[Data segment]
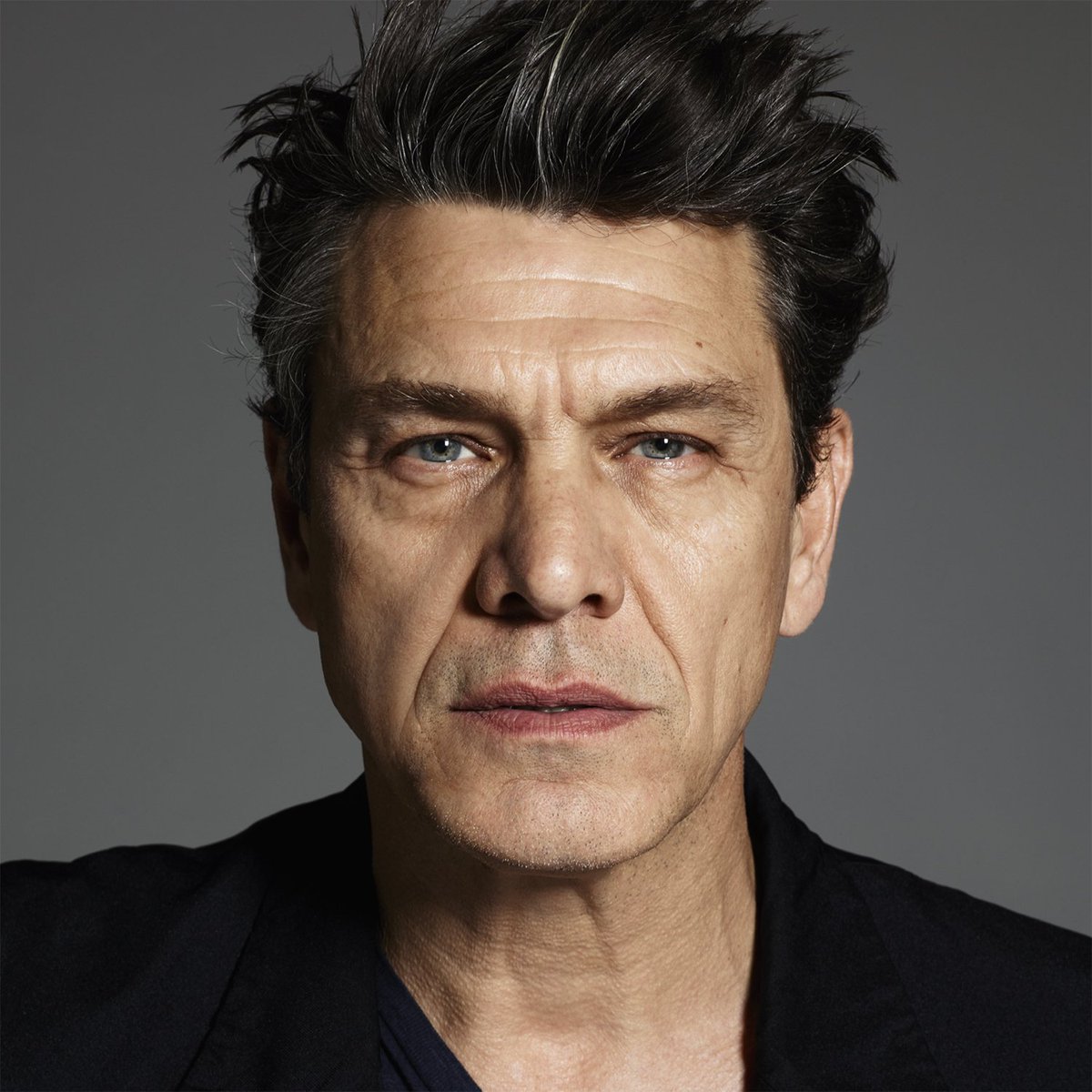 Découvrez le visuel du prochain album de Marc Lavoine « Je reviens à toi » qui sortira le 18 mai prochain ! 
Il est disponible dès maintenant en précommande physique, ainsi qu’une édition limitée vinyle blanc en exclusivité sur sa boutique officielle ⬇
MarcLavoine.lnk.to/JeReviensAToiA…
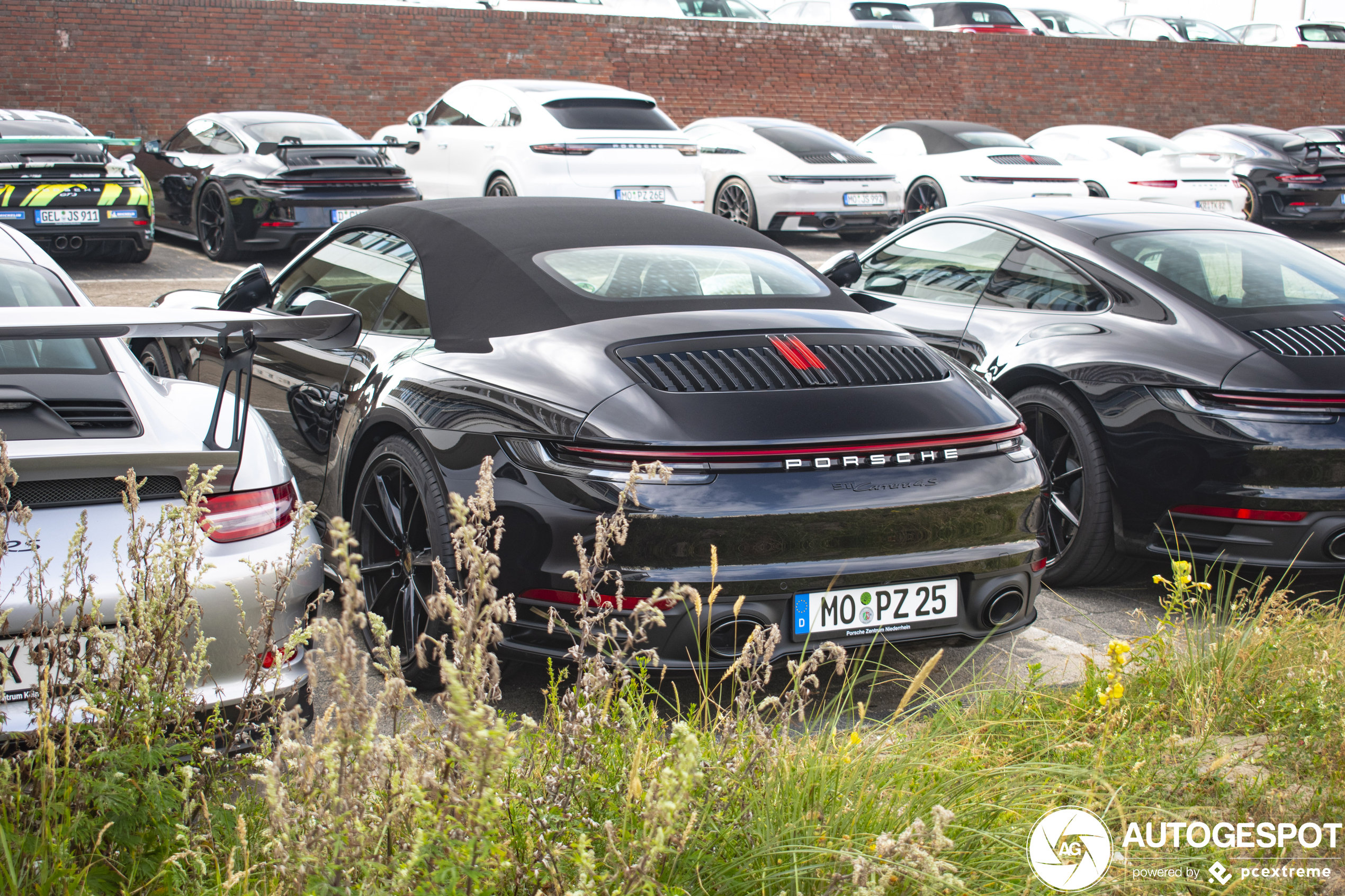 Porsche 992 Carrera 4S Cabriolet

[Directions for this task]
Reproduce the material word for word, minus the images.

[Output for this exercise]
 Découvrez le visuel du prochain album de Marc Lavoine « Je reviens à toi » qui sortira le 18 mai prochain ! 
Il est disponible dès maintenant en précommande physique, ainsi qu’une édition limitée vinyle blanc en exclusivité sur sa boutique officielle ⬇
MarcLavoine.lnk.to/JeReviensAToiA…
 Porsche 992 Carrera 4S Cabriolet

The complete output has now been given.